WHAT YOU SHOULD DO: Below this line is a listing that includes pictures. Copy exactly, and only, the lines from the one containing "OLEVS Watch for" through the one containing "Carrito para ordenador"; the pictures do not go in the copy.

DATA TO USE:
===============
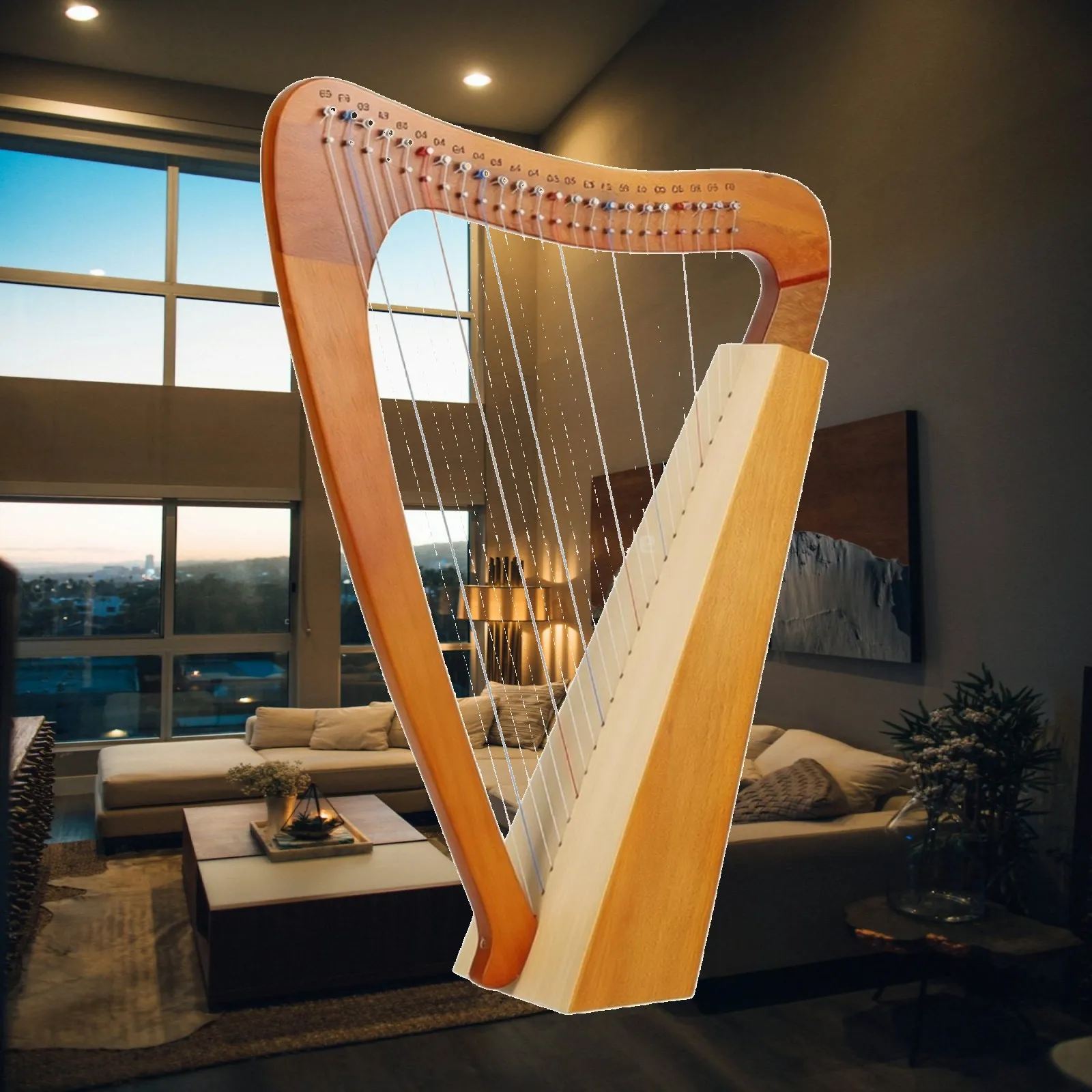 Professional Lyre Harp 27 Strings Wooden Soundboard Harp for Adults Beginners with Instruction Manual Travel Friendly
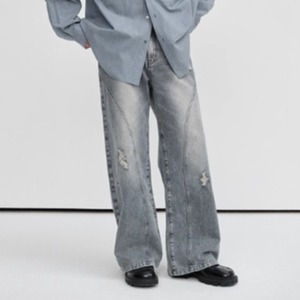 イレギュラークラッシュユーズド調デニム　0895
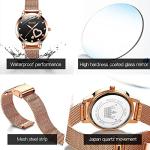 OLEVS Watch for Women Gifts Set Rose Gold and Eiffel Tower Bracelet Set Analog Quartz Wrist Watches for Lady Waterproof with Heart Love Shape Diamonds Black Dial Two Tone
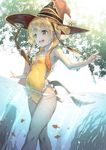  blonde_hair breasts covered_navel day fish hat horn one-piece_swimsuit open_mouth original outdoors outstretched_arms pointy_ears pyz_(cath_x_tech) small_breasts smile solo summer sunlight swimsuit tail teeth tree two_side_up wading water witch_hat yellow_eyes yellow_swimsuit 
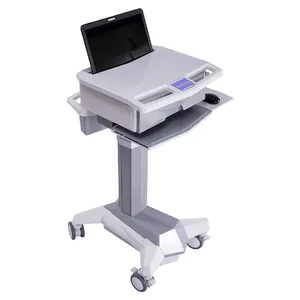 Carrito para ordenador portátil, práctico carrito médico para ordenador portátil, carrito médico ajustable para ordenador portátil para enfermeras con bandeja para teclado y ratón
===============
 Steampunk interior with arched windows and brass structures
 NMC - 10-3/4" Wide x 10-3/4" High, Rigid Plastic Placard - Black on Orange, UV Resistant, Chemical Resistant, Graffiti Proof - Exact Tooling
===============
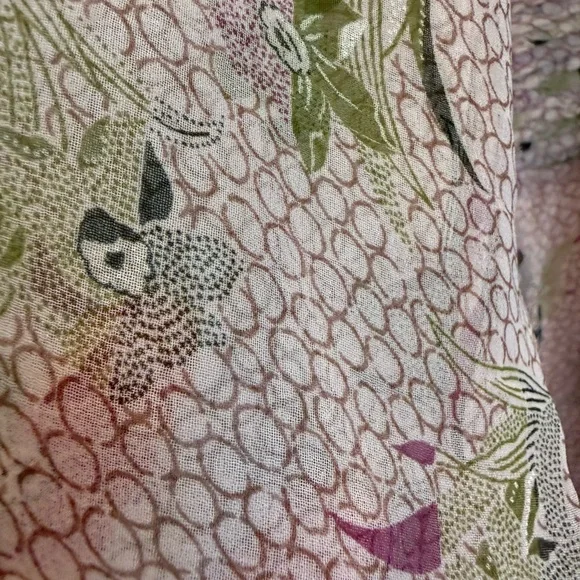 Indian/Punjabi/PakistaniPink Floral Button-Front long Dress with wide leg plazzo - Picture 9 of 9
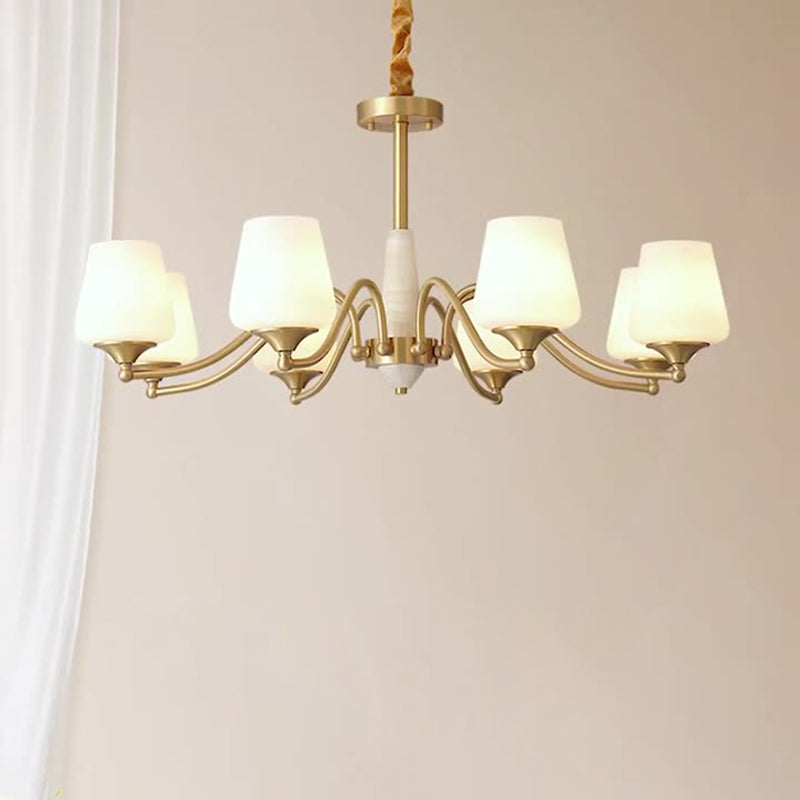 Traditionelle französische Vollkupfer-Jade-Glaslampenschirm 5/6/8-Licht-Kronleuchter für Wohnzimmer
===============
REPLY:
 OLEVS Watch for Women Gifts Set Rose Gold and Eiffel Tower Bracelet Set Analog Quartz Wrist Watches for Lady Waterproof with Heart Love Shape Diamonds Black Dial Two Tone
  blonde_hair breasts covered_navel day fish hat horn one-piece_swimsuit open_mouth original outdoors outstretched_arms pointy_ears pyz_(cath_x_tech) small_breasts smile solo summer sunlight swimsuit tail teeth tree two_side_up wading water witch_hat yellow_eyes yellow_swimsuit 
 Carrito para ordenador portátil, práctico carrito médico para ordenador portátil, carrito médico ajustable para ordenador portátil para enfermeras con bandeja para teclado y ratón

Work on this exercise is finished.